Die achte und letzte Tafel der oberen Reihe zeigt links einen Bischof mit Mitra, Kasel und einem Krummstab. Seine rechte Hand ist zum Segen erhoben. Wegen des lokalen Bezugs kann hier sicher davon ausgegangen werden, dass es sich um eine Darstellung von St. Finnian handelt, der Clonard um 520 gründete. Rechts daneben ist ein Engel mit einem aufgeschlagenen Buch zu sehen.
Die Motive der mittleren und unteren Reihe
Da sich der obere Teil des Taufsteins nach unten hin verjüngt, haben die Tafeln der mittleren Reihe jeweils die Form eines Trapez. Auf den ersten drei Tafeln sind jeweils geflügelte Engel zu sehen, die ein Schild halten. Dabei wird jeweils nur der obere Teil der Figur gezeigt. Davon abweichend ist der Engel auf der vierten Tafel mit vollständigem, sich unten kräuselndem Gewand zu sehen. Die weiteren vier Tafeln zeigen Laubmotive, darunter Weinpflanzen auf der fünften und sechsten Tafel und Eichenzweige auf der siebenten und achten Tafel.
Wie bei der mittleren Reihe haben die unteren Tafeln ebenfalls die Form von Trapezen, wobei sie sich in diesem Falle nach unten verbreitern. Alle Tafeln sind mit konventionellen Laubmotiven dekoriert. Bei mehreren dieser Motive erstreckt sich ein Ast aus einer der beiden unteren Ecken diagonal zur Bildmitte hin, um sich dann dort in drei kleinere Ästchen zu teilen, die sich jeweils mit einem Blatt an ihren Enden den noch freien Ecken zuwenden.
Entstehung und Provenienz
Die Ausführung und die Wahl der Motive betten sich in das 15. oder 16. Jahrhundert ein, die in Irland in der Kunst noch gotisch geprägt war. Generell ist die irische Gotik weniger intellektuell, sondern volkstümlich und in der Gesellschaft integriert.[13] Die künstlerische Qualität der Bildhauerarbeiten an diesem Taufstein erreicht nicht das Niveau der in dieser Periode führenden Werkstätten wie der von O'Tunney.[14] Es lässt sich feststellen, dass es einige Fortschritte in der Kunstfertigkeit im Laufe der Arbeiten an diesem Taufstein gab. So wird etwa die Ansicht vertreten, dass die Szene mit der Taufe Jesu eher zu den früheren Arbeiten gehöre, da sie noch nicht so fein ausgearbeitet sei.[15]

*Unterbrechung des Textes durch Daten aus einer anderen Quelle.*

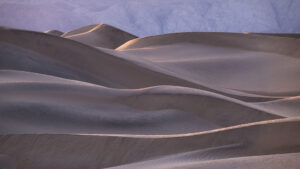 Dunes Sojourns #32, Death Valley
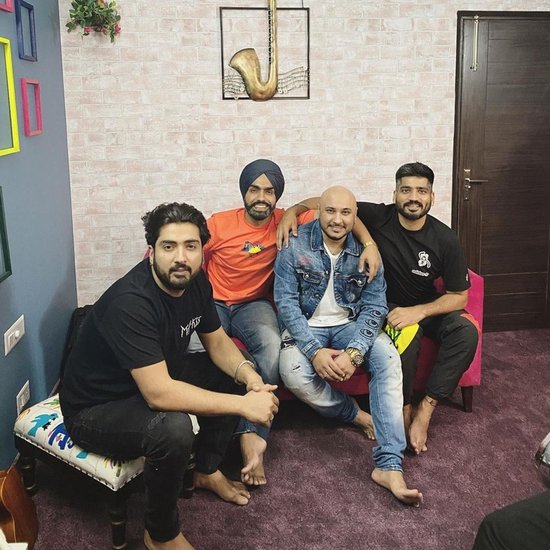Ammy Virk, Qismat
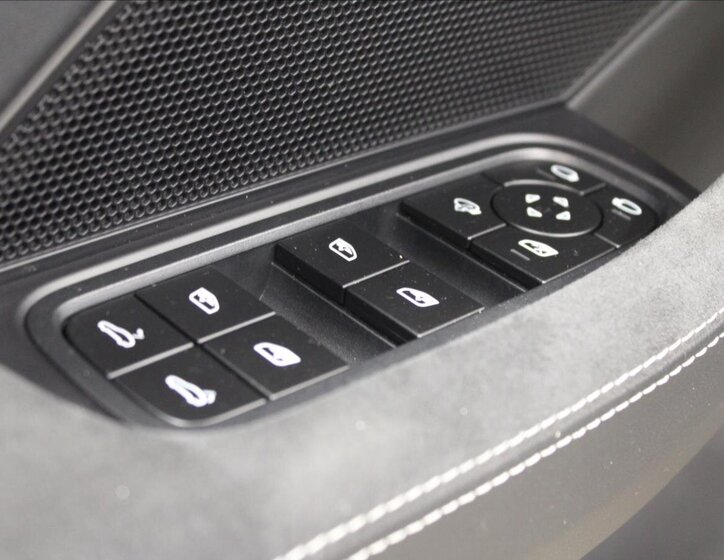 Porsche Panamera Hatchback 4,0 l 368 kw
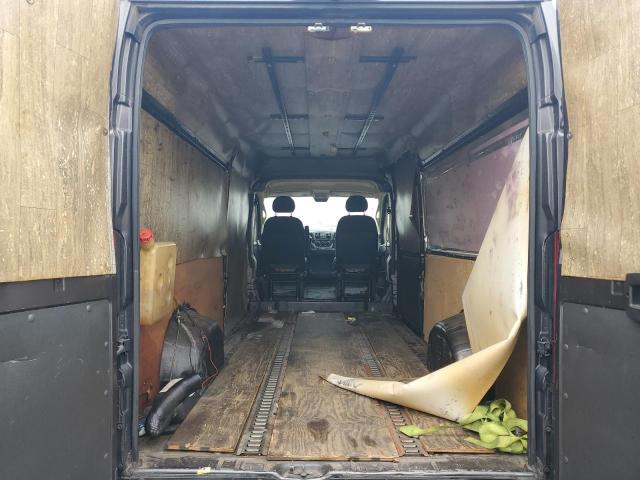 3C6URVJG9KE510235 - 2019 RAM PROMASTER 3500 HIGH შავი ფოტო 10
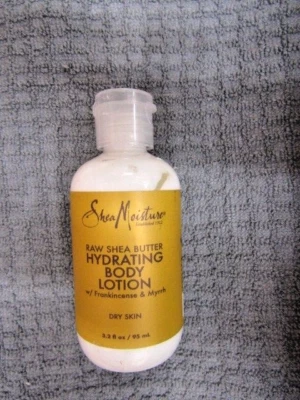 HIDRATACIÓN DE KARITÉ ~ MANTECA DE KARITÉ CRUDA ~ LOCIÓN CORPORAL HIDRATANTE 3,2 OZ TAMAÑO DE VIAJE 13 Foto 1 de 3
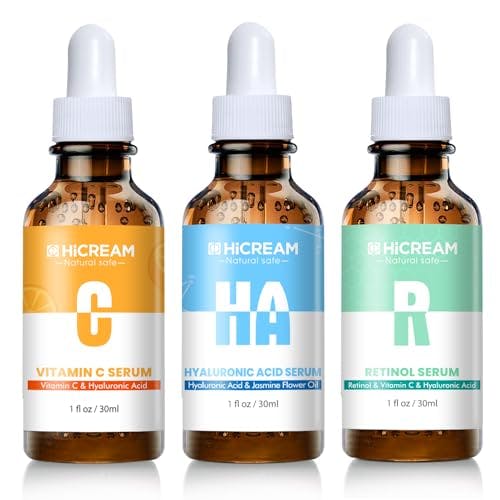 Face Serum Set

1551 wurde das Kloster an Sir Thomas Cusack als Lehen übergeben, der dies an seinen Sohn John vererbte. Da John ein Steinmetz war, liegt die Vermutung nahe, dass John Cusack der Künstler war, der diesen Taufstein schuf. Dafür sprechen die ausgezeichneten Kenntnisse der örtlichen Geschichte und ein handwerkliches Geschick, das diesen Taufstein zu einem Werk eines begnadeten Amateurs macht.[16]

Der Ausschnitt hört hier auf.